A dirt-faced nurse comes in an hour later, wiping filthy hands on an off-white uniform made that way by repeated washings in hard water. The metal tray of rice is moving-possibly with maggots. Ants, more likely.

"What is that?" Ila asks her in slow, deliberate English.

"Rice, Madam." It sounds like mai-dum. Dum-dum. Just like this idiot woman, Ila thinks.

"Rice with what? An anthill?"

"It is rice, madam." The nurse repeats, insistently. Her dark skin is shining with the outside humidity, and her deep maroon lipstick is staining her teeth.

Shaking with something-anger-outrage-sadness- Ila walks up to the nurse and smashes the tray in her face.
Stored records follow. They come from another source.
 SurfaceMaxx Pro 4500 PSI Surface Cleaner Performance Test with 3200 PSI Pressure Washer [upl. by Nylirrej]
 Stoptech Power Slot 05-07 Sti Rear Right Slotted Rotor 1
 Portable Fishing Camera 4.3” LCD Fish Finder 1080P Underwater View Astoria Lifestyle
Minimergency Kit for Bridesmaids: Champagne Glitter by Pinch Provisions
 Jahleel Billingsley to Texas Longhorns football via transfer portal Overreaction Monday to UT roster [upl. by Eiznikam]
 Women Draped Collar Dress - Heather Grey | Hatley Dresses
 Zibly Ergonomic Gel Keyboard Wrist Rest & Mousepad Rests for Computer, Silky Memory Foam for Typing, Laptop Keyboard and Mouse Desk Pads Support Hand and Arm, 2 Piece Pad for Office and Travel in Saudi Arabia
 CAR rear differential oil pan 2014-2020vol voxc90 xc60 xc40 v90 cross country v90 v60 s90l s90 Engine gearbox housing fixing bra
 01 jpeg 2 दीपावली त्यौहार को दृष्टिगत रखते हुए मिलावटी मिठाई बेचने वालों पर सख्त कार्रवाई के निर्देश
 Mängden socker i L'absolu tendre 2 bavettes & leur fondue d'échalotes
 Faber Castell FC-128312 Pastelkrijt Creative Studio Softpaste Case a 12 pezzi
The rice falls to the floor and the ants crawl from it, scattering on the linoleum in a greedy takeover of the room. "Get her something she can eat," she says, abandoning English for a natural stream of heated Tamil consonants.

Whimpering, the nurse runs backwards, into the door behind her, which she has bolted shut after coming in with the food. "Would you like me to open that for you?" Ila spits after her as the nurse unbolts the door and runs onto the putrid linoleum floor, "or can't you handle something that's not covered in ants?"
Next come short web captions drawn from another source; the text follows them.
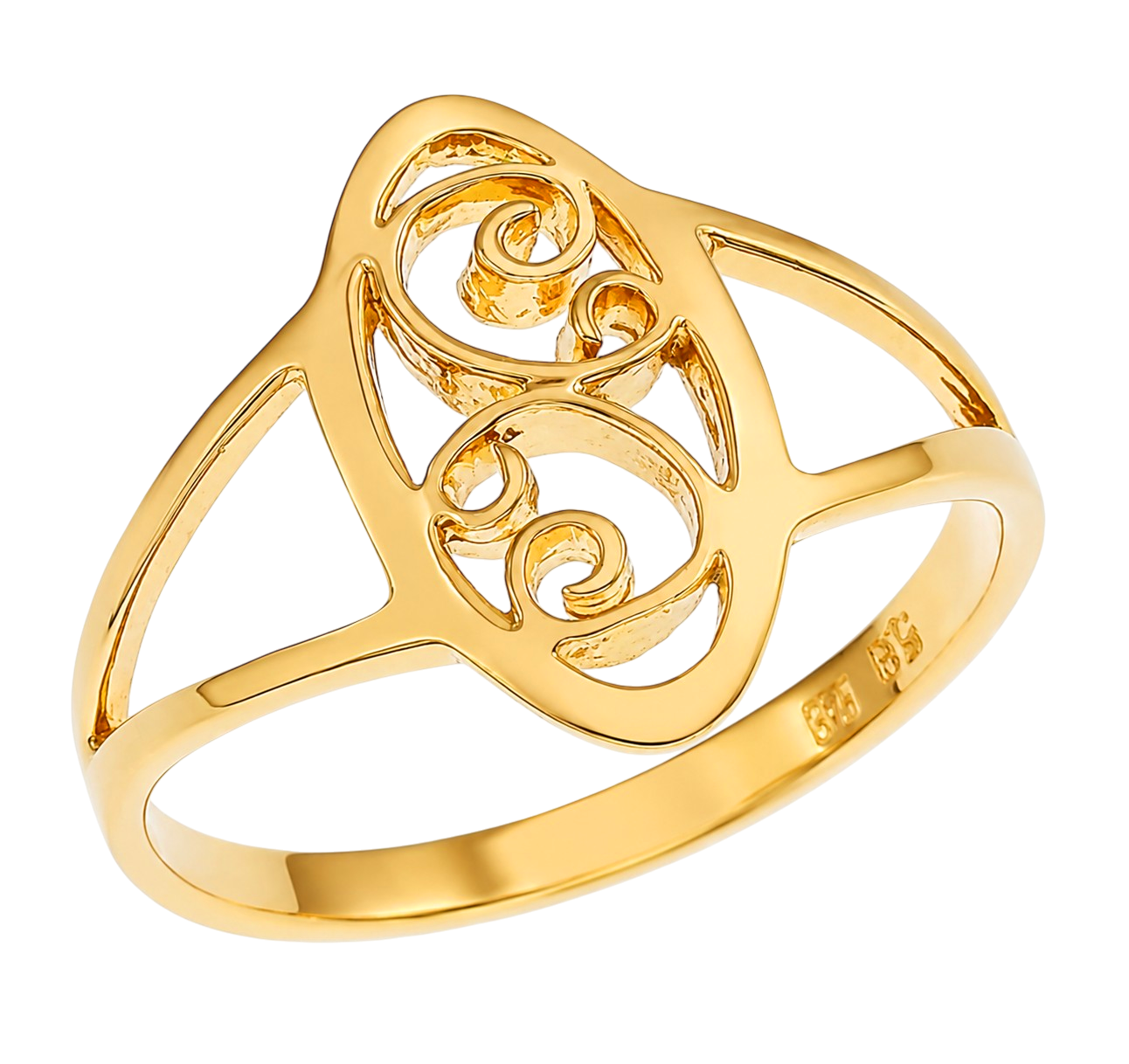 Bague Arabesque – Plaqué Or 18 Carats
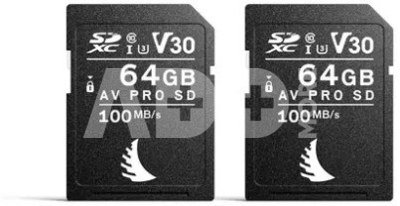 AngelBird AV PRO SD 64GB V30 Nikon 2 PACK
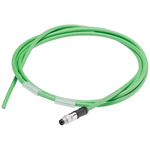 Siemens Male 4 way M8 to Unterminated Bus Cable, 2m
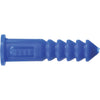 Hillman #8 - #10 - #12 Thread x 1-1/4 In. Blue Ribbed Plastic Anchor (100 Ct.)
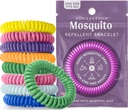 15 balenie Mosquito Repelent Bracelets, DEET-free pre deti a dospelých, individuálne zabalené kapely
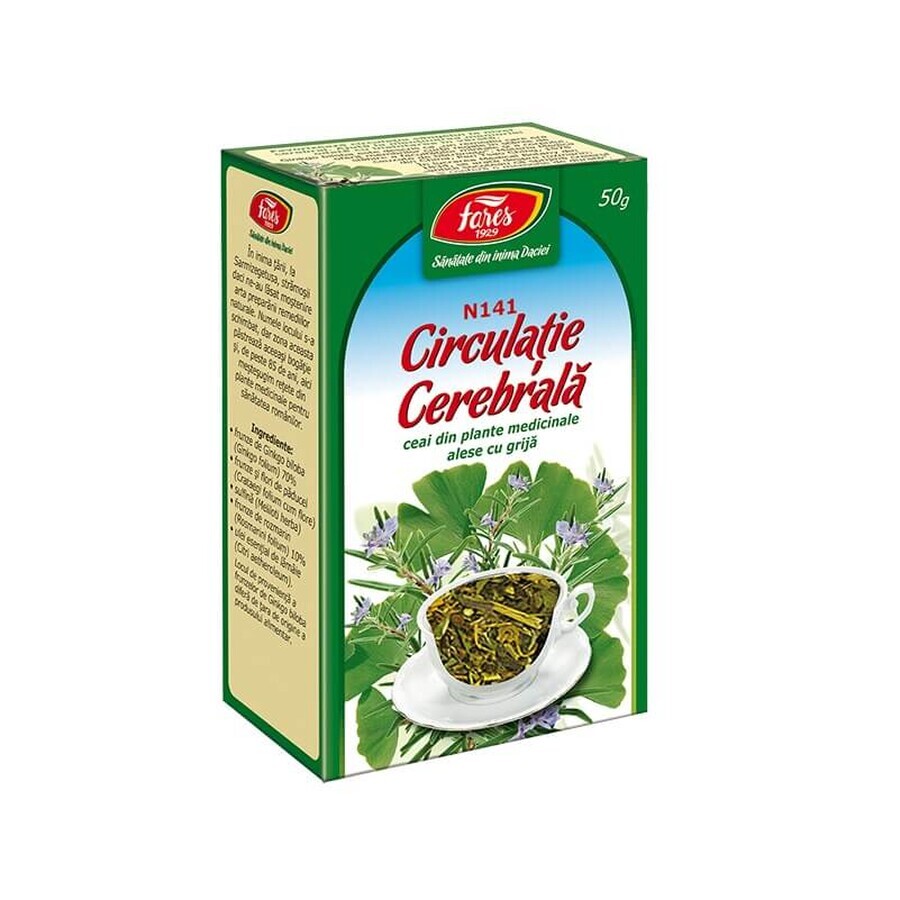 Brain Circulation Tea, N141, 50 g, Fares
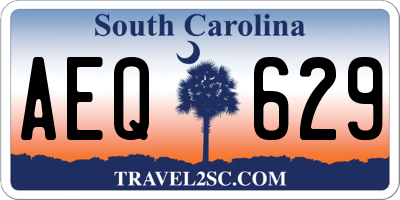SC license plate AEQ629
Ila comes home shaking-still. She enjoys being angry. Slamming open the gate, kicking stones into the lawn, it gives her an outlet for her energy. Occasionally, she will see wrestling matches on the Oneida, broadcasted from America. There is a staged anger-colorful, blaring costumes-a chance to make the opponent a member of painful history. She enjoys the thrill of watching. Sometimes she wishes she can bruise Yamini's delicate ribs, send her careening over the ropes and into the audience, pelt her with chairs.

The red curtains with the mirrored embroidery are still drawn when she returns to the house, and the whitewashed walls are illuminated by the fluorescent green mosquito lamps which are placed in every available socket. But of what consequence? Ila still gets eaten to bits by mosquitoes hungry for her hardy blood. The house is too large to be helped, she realizes. It is balcony atop balcony atop balcony, and the polished doors lead to many hallways and to rooms-each one increasingly damp, screaming arthritically from its joints, and the bathrooms are never cleansed of the smell of excrement-it pervades, very slightly, the rest of the house.
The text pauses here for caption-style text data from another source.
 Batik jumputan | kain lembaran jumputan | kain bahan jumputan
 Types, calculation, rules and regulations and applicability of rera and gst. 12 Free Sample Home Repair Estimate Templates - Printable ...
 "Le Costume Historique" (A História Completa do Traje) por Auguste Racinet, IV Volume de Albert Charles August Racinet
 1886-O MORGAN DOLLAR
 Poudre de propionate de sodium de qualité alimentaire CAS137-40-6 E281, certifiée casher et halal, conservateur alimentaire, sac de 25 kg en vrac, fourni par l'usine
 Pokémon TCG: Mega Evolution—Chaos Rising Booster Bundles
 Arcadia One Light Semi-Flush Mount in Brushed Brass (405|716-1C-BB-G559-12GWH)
She settles herself on the heirloom wicker furniture and reaches for the remote, flipping the channels. She recognizes Pooja yet again-the actress-her fleshy arms are flung helplessly around a tree as she witnesses a fight scene with the exquisite pretense of horror. Ila takes little notice of her-instead, she watches the fight. She relishes the way the film hero's meaty fists sink into flesh, smash bones, rearranging the tangible order of the face.

"Ila?"

It is Yamini. Engrossed in the movie, Ila misses the timid steps of her sister's entrance. Her sister's shrill voice causes Ila to wince, and she hears the rustle of a stiff plastic bag-the result of a wasted day, Ila thinks, savagely-as Yamini throws it onto the sofa next to Ila's chair.

Ila refuses to look back at her sister.

"Change and catch a rickshaw to the hospital." Ila says, definitively. "And make Amma some rice before you go."

"Rice?"

"And if it's got a single ant in it," Ila continues, flatly, staring into R Kapoor's carefully mustached face as he emerges the victor of that carnage-ridden five-man fight, "I'll kill you."